In Episode 282 of RevolutionZ, Alex Han, of In These Times, addresses the current surge, aims, and prospects of both labor and student activism and their possible intersection, as well as media responses and prospects. We discuss union bargaining strategies including and going beyond contract issues, campus organization and tactics, and urge the need to break down barriers between independent media outlets to forge a more strategically unified left media ecosystem.
Episode 281 of RevolutionZ has Avi Chomsky as guest to discuss current campus and community activism, colonialism, nation states, immigration, borders, lessons from Central America and the Global South, and the role of students, labor, and religious organizations in sustaining resistance. We consider the logical and emotional innards of dissent, where strategic pursuit of immediate relief intersects with a longer term quest for societal transformation.

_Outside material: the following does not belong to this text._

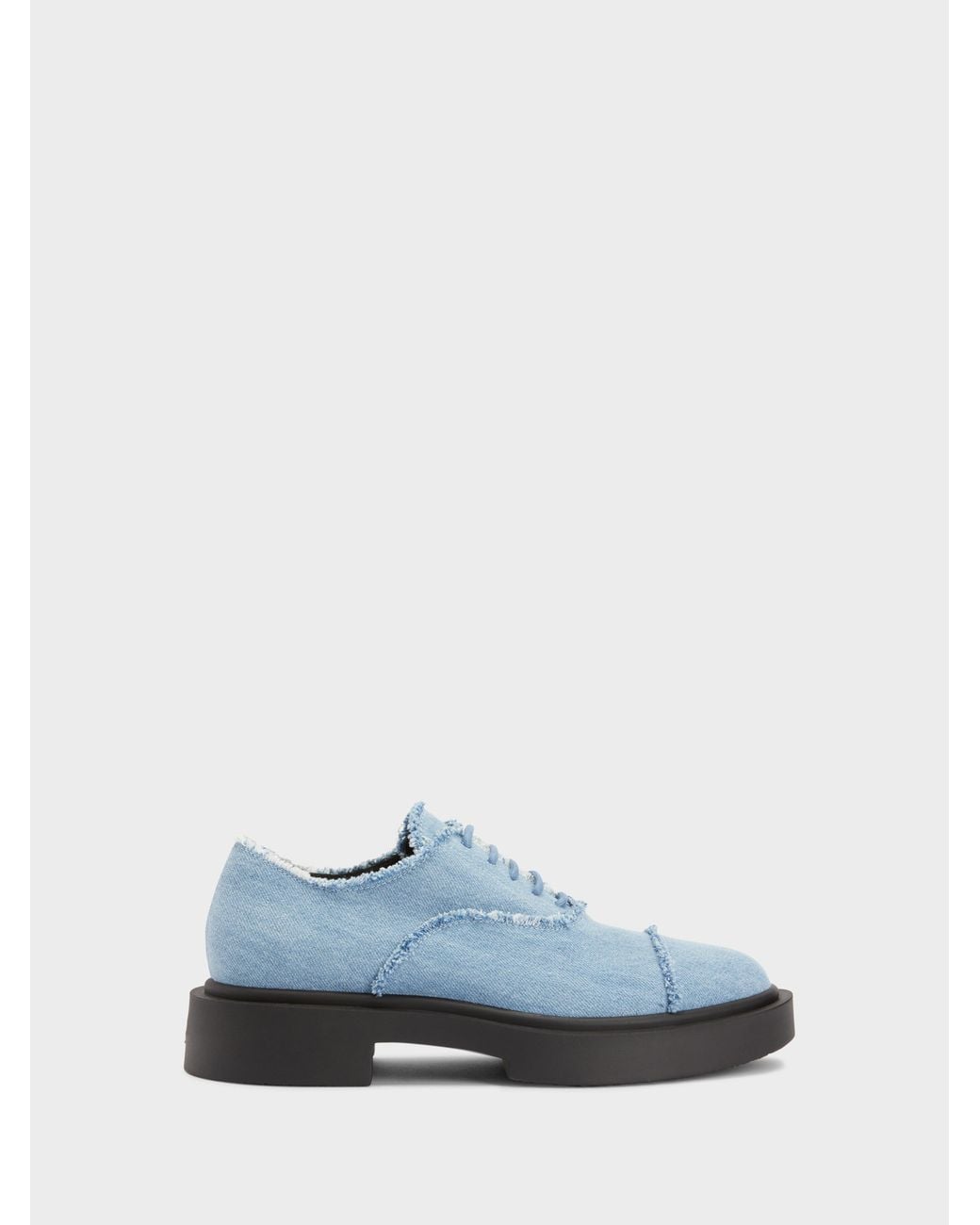 Giuseppe Zanotti Blue Adric Lace Up for men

Ep 280 of RevolutionZ has as guest William Lawrence, cofounder of the Sunrise Movement, housing organizer, DSA member, and much mor, to discuss the inner workings and ideological conflicts within the Democratic Socialists of America. Should DSA work within the Democratic Party to expand progressive representation, or should it cut ties completely and forge a new path without electoral emphasis? What existing structural features exacerbate factionalism? What new features might prevent ideological conflict from overshadowing policy discourse, or vice vers?. Reform or revolution--or both? Biden or Never Biden--or both?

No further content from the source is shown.